The next important consideration is who, internally, is going to oversee the investigation. This is relevant for legal professional privilege (LPP).
On the current law, only communications between those authorised to seek and receive legal advice will attract LPP. Not every employee of the company who has contact with external lawyers during the investigation will be doing so for the purposes of giving or receiving legal advice.
Some will simply be providing information. Best practice is therefore to have a small group of senior employees (the client group) who will provide and receive legal advice.
Don’t forget legal privilege
In a typical workplace investigation, any legal advice as to the setting up of the investigation will attract LPP. However, the instruction of an external investigator – even if that is a lawyer rather than a HR consultant – will not attract LLP.
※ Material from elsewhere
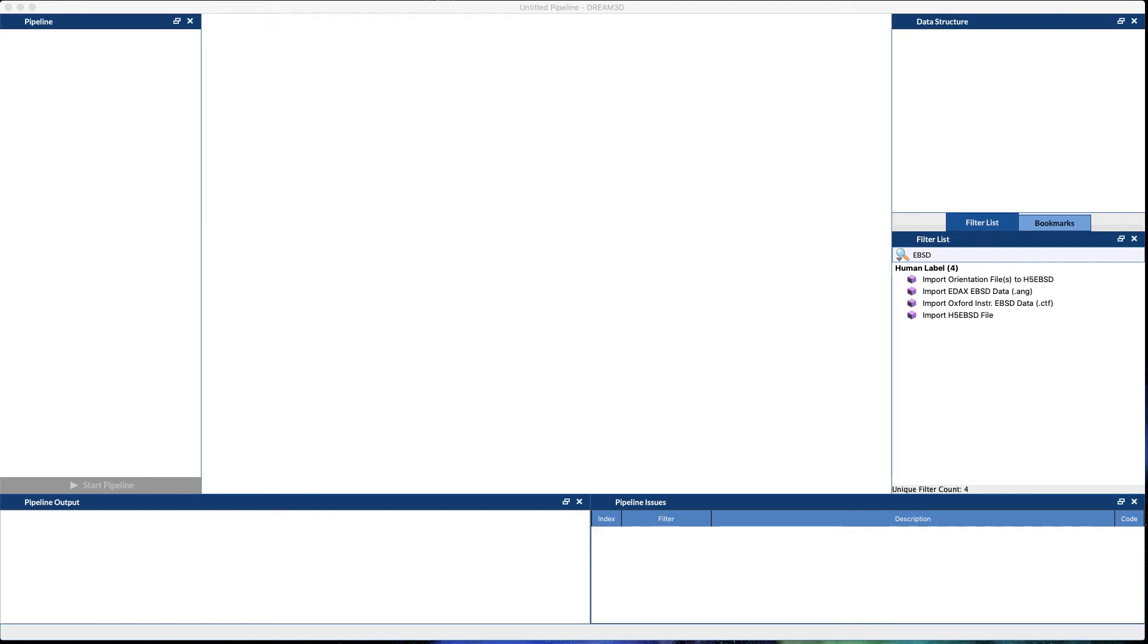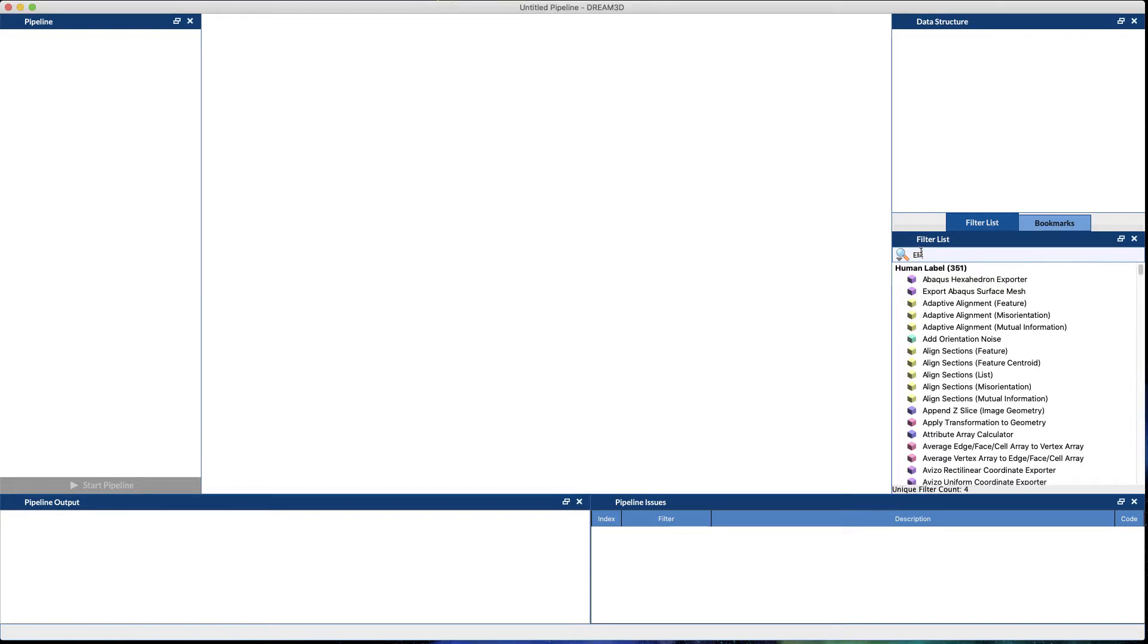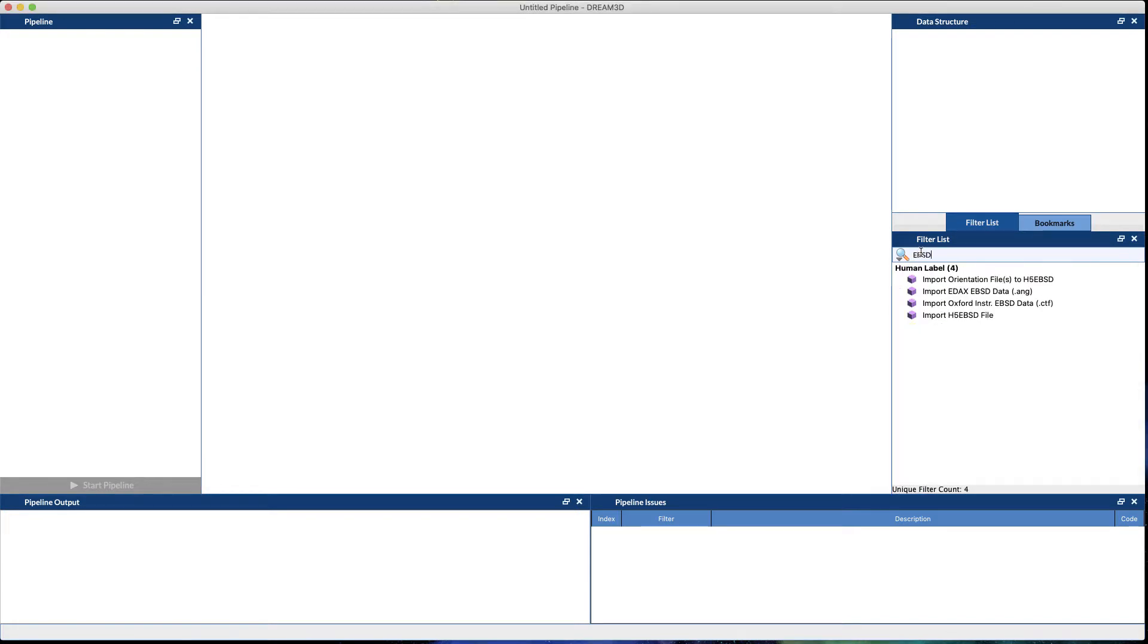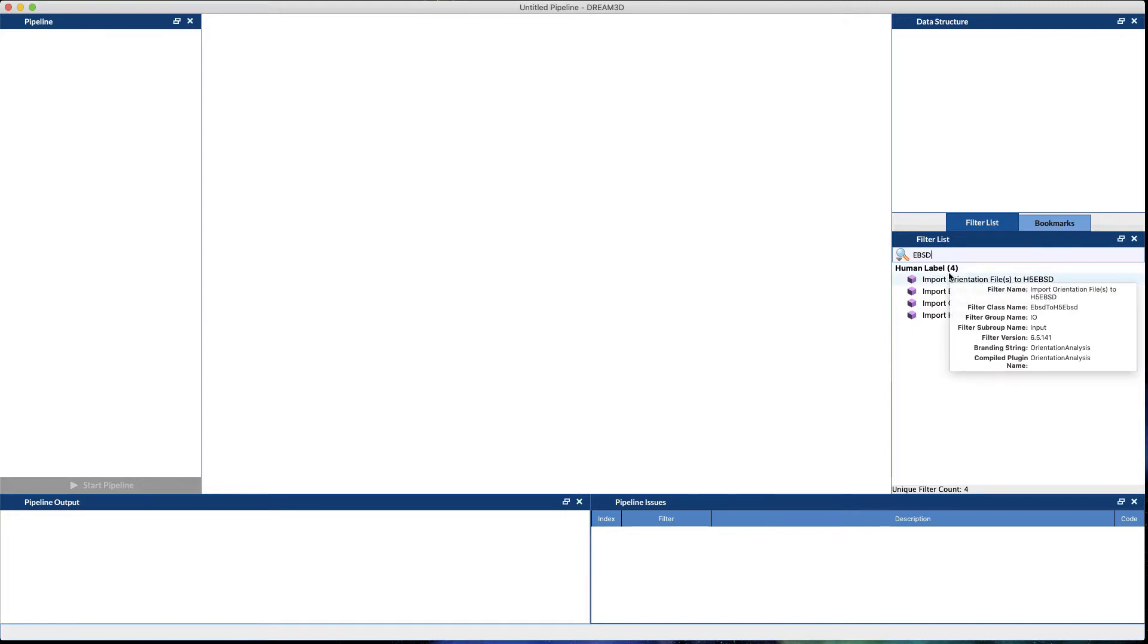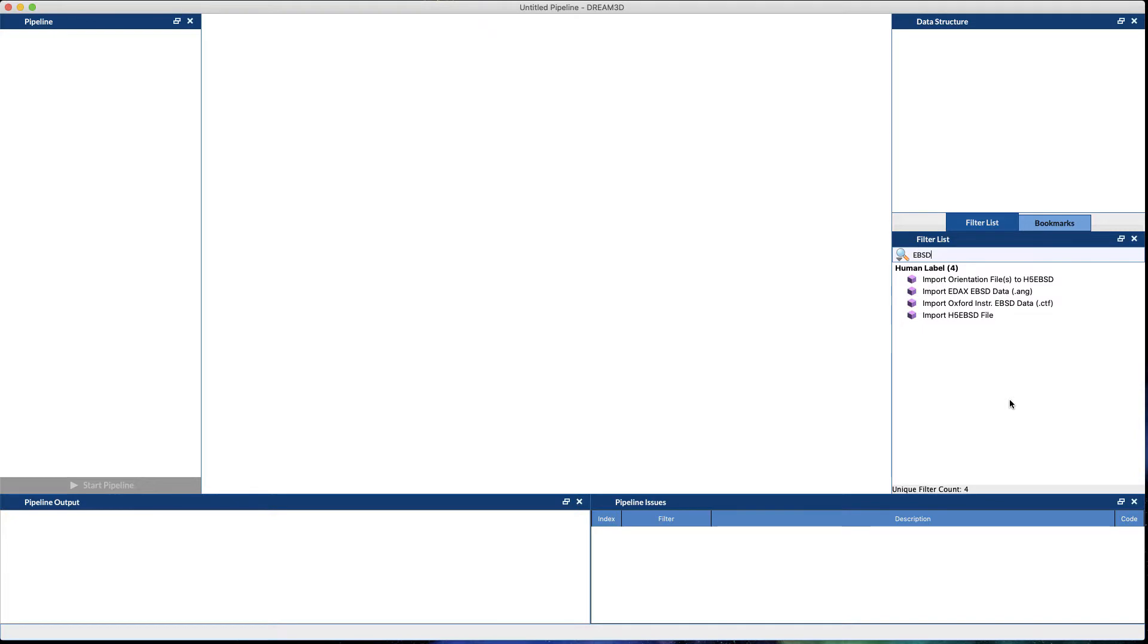In this video we'd like to discuss how to bring in some EBSD data into Dream3D and do some quick simple analysis on that data. First, if you go over to the filter list and you type EBSD, it'll show you the various filters that Dream3D offers in order to bring in the data the most quick and simple way.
In the instance where the primary purpose of an investigation is to provide legal advice or to position the client in relation to potential litigation, then communications with a legally qualified investigator could be privileged.
If it is the case, then every communication with the investigator should be kept and marked as privileged. This, however, is not guarantee that a claim of LPP will be upheld, but it could help in making the case.
Finally, it is worth remembering that in the usual case the investigation report will not be privileged, even if it is produced by an external non-lawyer and sent to a lawyer to comment on.
There are a range of different factors to take into consideration when carrying out an internal investigation. It is crucial to establish a focused investigation, with watertight TOR while simultaneously having an understanding of whether communications attract LLP or not.
A strong infrastructure and investigation toolkit should mitigate mistakes and encourage a smooth and successful investigation.